(Text-to-region grounding data)
● ● ● ● ● ● ●
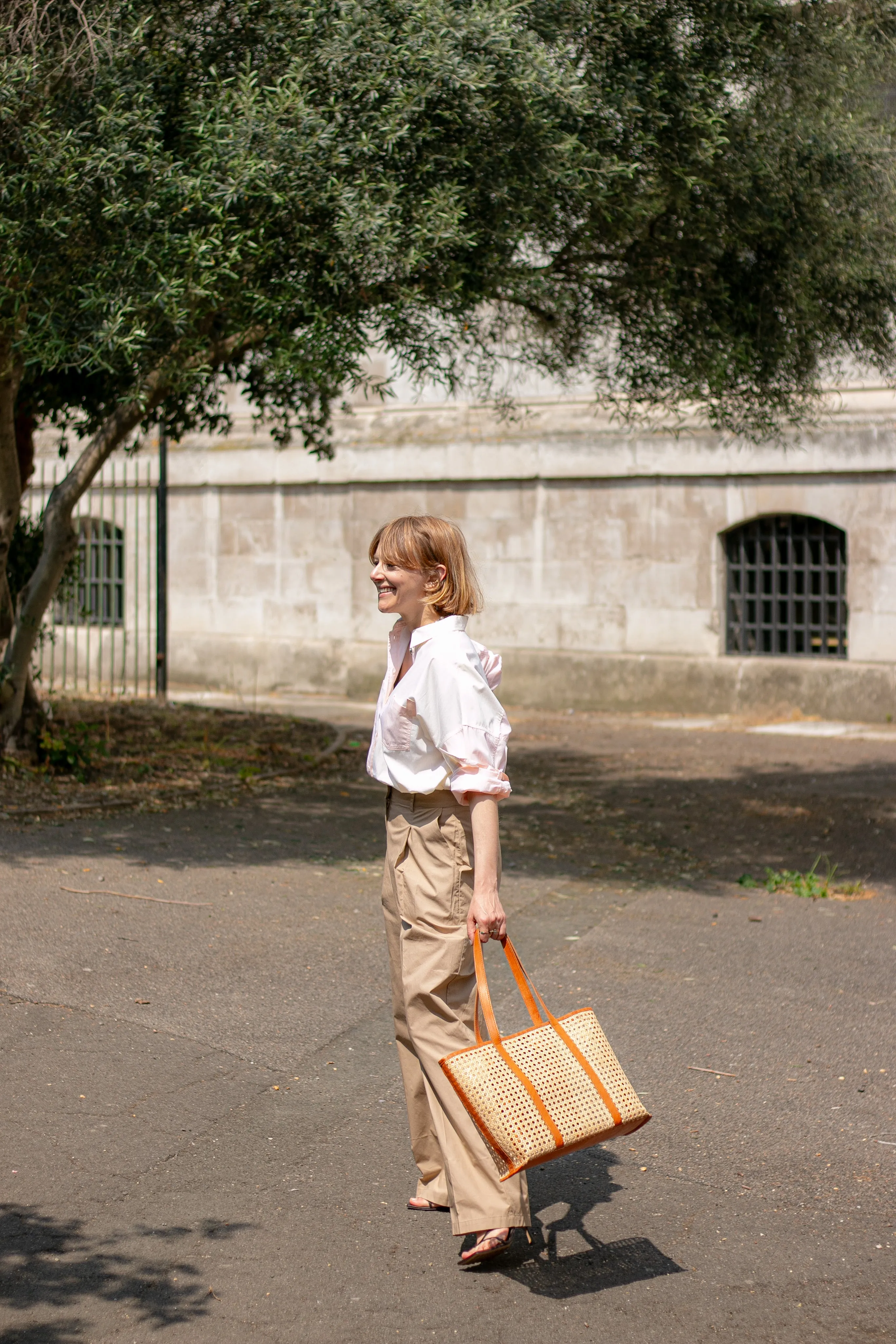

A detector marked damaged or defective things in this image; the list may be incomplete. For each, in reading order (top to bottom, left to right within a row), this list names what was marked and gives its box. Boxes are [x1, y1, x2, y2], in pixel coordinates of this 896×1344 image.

cracked asphalt [0, 709, 892, 1338]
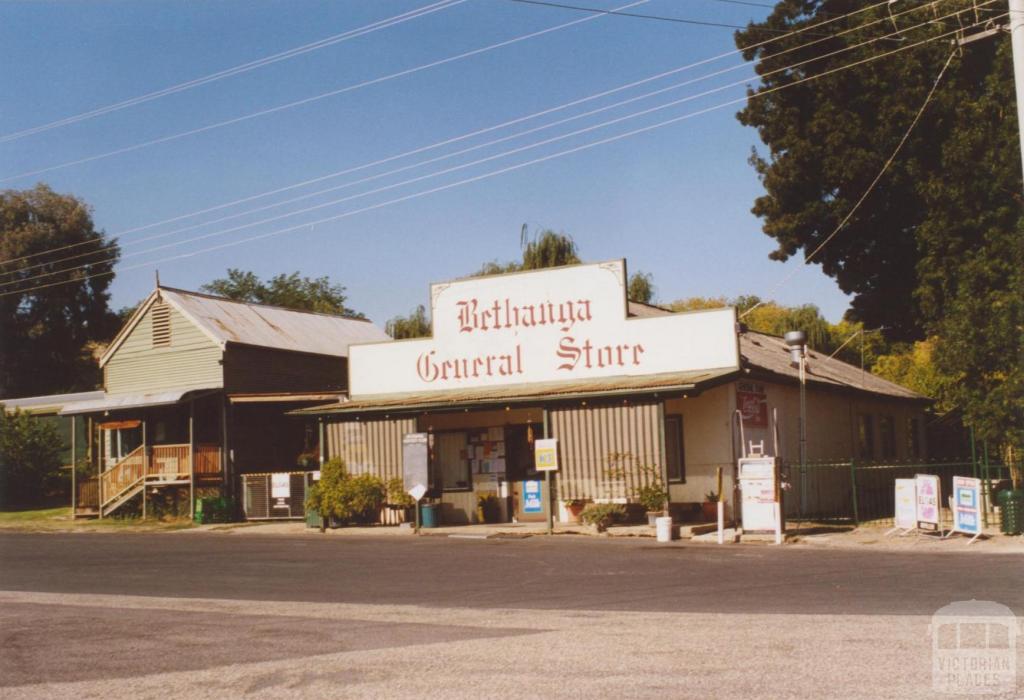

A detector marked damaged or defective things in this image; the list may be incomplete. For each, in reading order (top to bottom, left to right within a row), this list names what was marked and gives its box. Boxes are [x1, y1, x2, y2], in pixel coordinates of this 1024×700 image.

rusty metal roof [292, 366, 733, 415]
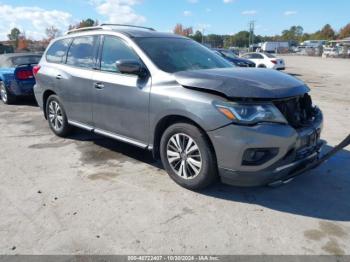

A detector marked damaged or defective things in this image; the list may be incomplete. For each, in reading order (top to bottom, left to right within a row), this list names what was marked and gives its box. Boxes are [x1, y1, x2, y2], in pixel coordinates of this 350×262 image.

damaged front hood [174, 67, 308, 99]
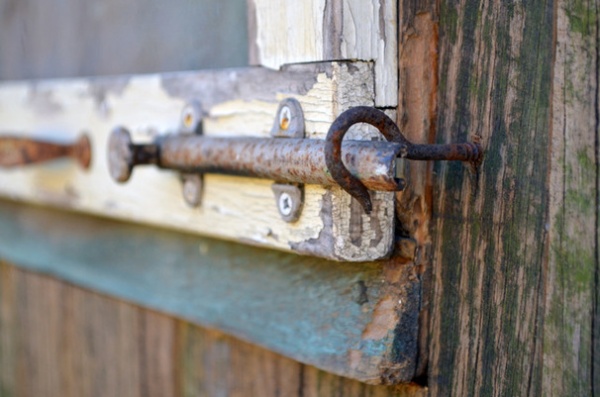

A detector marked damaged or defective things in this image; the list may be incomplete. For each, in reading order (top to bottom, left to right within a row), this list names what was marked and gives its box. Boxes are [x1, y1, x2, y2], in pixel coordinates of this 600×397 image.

splintered wood edge [246, 0, 396, 106]
rusted metal bar [0, 135, 91, 169]
splintered wood edge [0, 61, 398, 260]
rusted metal bar [108, 125, 408, 190]
rusty metal hook [324, 106, 482, 213]
rusted metal bar [326, 106, 480, 213]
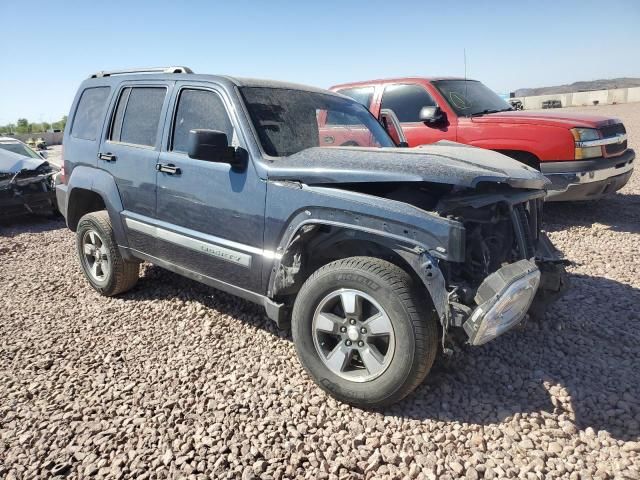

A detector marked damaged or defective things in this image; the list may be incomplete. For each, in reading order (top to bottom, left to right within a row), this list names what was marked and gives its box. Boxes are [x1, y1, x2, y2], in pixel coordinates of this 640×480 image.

crumpled hood [470, 110, 620, 128]
exposed headlight assembly [572, 127, 604, 159]
crumpled hood [0, 150, 47, 174]
crumpled hood [264, 141, 552, 189]
exposed headlight assembly [462, 262, 544, 344]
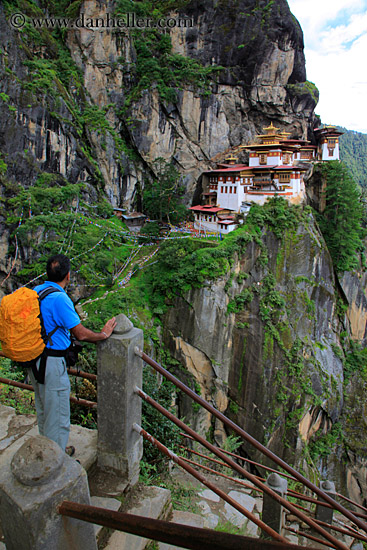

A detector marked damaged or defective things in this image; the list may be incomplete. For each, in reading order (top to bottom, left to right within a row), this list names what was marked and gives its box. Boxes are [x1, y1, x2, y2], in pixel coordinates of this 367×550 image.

rusty metal pipe railing [0, 378, 96, 408]
rusty metal pipe railing [57, 504, 320, 550]
rusty metal pipe railing [134, 424, 288, 544]
rusty metal pipe railing [137, 386, 350, 550]
rusty metal pipe railing [137, 350, 367, 536]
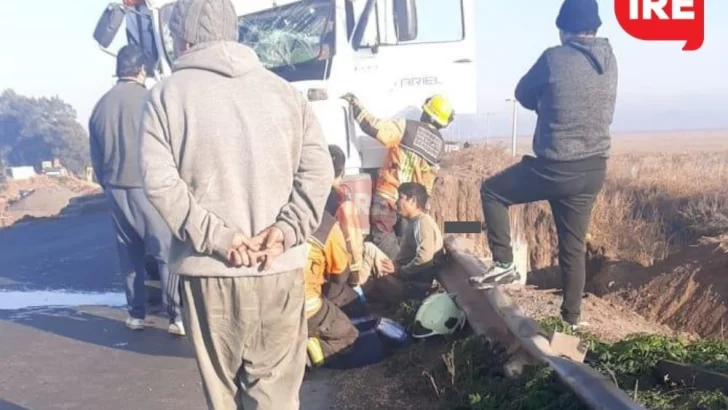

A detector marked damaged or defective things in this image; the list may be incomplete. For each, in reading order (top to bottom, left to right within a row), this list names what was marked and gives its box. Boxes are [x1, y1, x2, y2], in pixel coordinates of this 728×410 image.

broken windshield [239, 0, 336, 69]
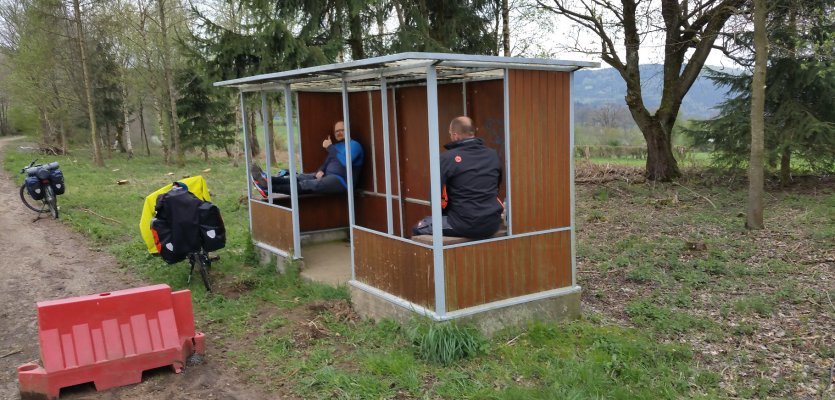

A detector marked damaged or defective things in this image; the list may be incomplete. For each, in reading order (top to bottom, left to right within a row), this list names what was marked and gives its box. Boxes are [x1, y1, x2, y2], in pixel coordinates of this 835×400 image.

rusty metal panel [298, 92, 342, 172]
rusty metal panel [506, 70, 572, 233]
rusty metal panel [251, 202, 294, 252]
rusty metal panel [352, 227, 434, 308]
rusty metal panel [444, 230, 576, 310]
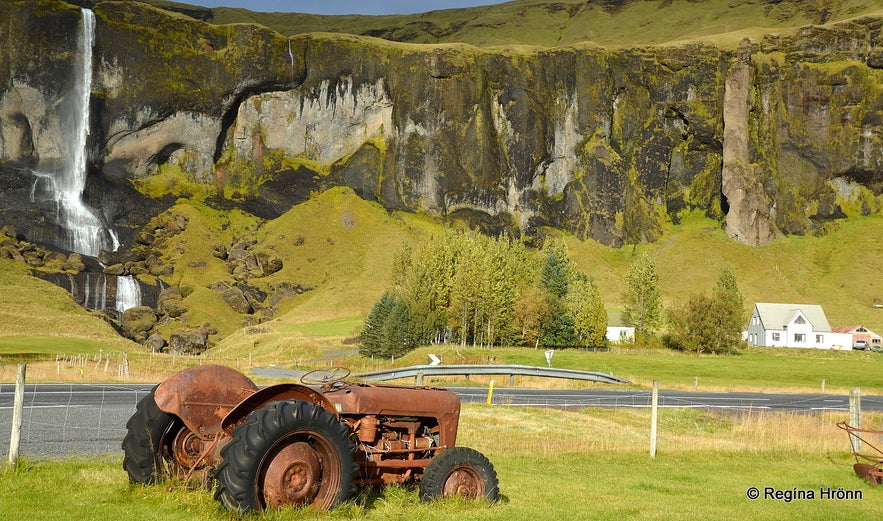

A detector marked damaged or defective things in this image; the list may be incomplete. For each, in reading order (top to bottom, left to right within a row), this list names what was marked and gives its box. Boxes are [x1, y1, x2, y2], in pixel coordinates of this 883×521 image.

rusty tractor [121, 364, 500, 510]
rusty metal implement [121, 366, 500, 512]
● ● ● ● ● ● ●
_WORK REQUIRED_:
Set every entry down again exactly as written, and omit the images.

_EXERCISE RESPONSE_:
A detector marked damaged or defective things in this image; the list may be incomplete. For each, in reading order (top to bottom, left to right within a row), this list names what was marked and gives its box. Boxes are [x1, y1, x2, y2], in pixel coordinates of this 896×1344 image.

cracked asphalt [0, 709, 892, 1338]

A detector marked damaged or defective things in this image; the list may be incomplete. For each, in reading order (top to bottom, left to right within a row), this list names what was marked and gives its box. Boxes are [x1, y1, x2, y2], in pixel coordinates of this 1024×700 image.

rusty metal roof [292, 366, 733, 415]

A detector marked damaged or defective things in this image; the list may be incomplete. For each, in reading order (top to bottom, left to right within a row), this list names what was marked and gives its box. Boxes are [x1, y1, x2, y2], in pixel coordinates of this 350×262 image.

damaged front hood [174, 67, 308, 99]

A detector marked damaged or defective things in this image; the list may be incomplete. For each, in reading order (top to bottom, left to right within a row), this list names what was marked and gives its box. Boxes are [x1, y1, x2, y2], in pixel coordinates of this 600×397 image.

splintered wood edge [246, 0, 396, 106]
rusted metal bar [0, 135, 91, 169]
splintered wood edge [0, 61, 398, 260]
rusted metal bar [108, 125, 408, 190]
rusty metal hook [324, 106, 482, 213]
rusted metal bar [326, 106, 480, 213]

A detector marked damaged or defective things in this image; the list may be incomplete. For each, in reading order (top to bottom, left to right within a row), this list names what was marked and gives its box. Boxes are [x1, y1, x2, y2], in pixel coordinates of this 640×480 image.

crumpled hood [470, 110, 620, 128]
exposed headlight assembly [572, 127, 604, 159]
crumpled hood [0, 150, 47, 174]
crumpled hood [264, 141, 552, 189]
exposed headlight assembly [462, 262, 544, 344]

A detector marked damaged or defective things in this image; the list may be incomplete. For each, in reading order (top to bottom, left to right within a row), this list names what was marked and gives its box. Boxes are [x1, y1, x2, y2], in pixel coordinates of this 367×550 image.

rusty metal pipe railing [0, 378, 96, 408]
rusty metal pipe railing [57, 504, 320, 550]
rusty metal pipe railing [134, 424, 288, 544]
rusty metal pipe railing [137, 386, 350, 550]
rusty metal pipe railing [137, 350, 367, 536]

A detector marked damaged or defective things in this image; the list may be incomplete. For each, in reading order (top to bottom, left to right within a row), this list names what was marked and gives its box. Boxes are [x1, y1, x2, y2], in pixel coordinates of this 728×410 image.

broken windshield [239, 0, 336, 69]

A detector marked damaged or defective things in this image; the list may be incomplete. For each, in reading order (top to bottom, left to right within a row), this list names what was marked and gives its box. Boxes are [x1, y1, x2, y2], in pixel coordinates of this 835×400 image.

rusty metal panel [298, 92, 342, 172]
rusty metal panel [506, 70, 572, 233]
rusty metal panel [251, 202, 294, 252]
rusty metal panel [352, 227, 434, 308]
rusty metal panel [444, 230, 576, 310]

A detector marked damaged or defective things in this image; the list may be incomplete. For each, in reading order (top to bottom, left to right within a row), this list names what was marked and gives its box. Boxes are [x1, y1, x2, y2], in pixel coordinates of this 883×521 image.

rusty tractor [121, 364, 500, 510]
rusty metal implement [121, 366, 500, 512]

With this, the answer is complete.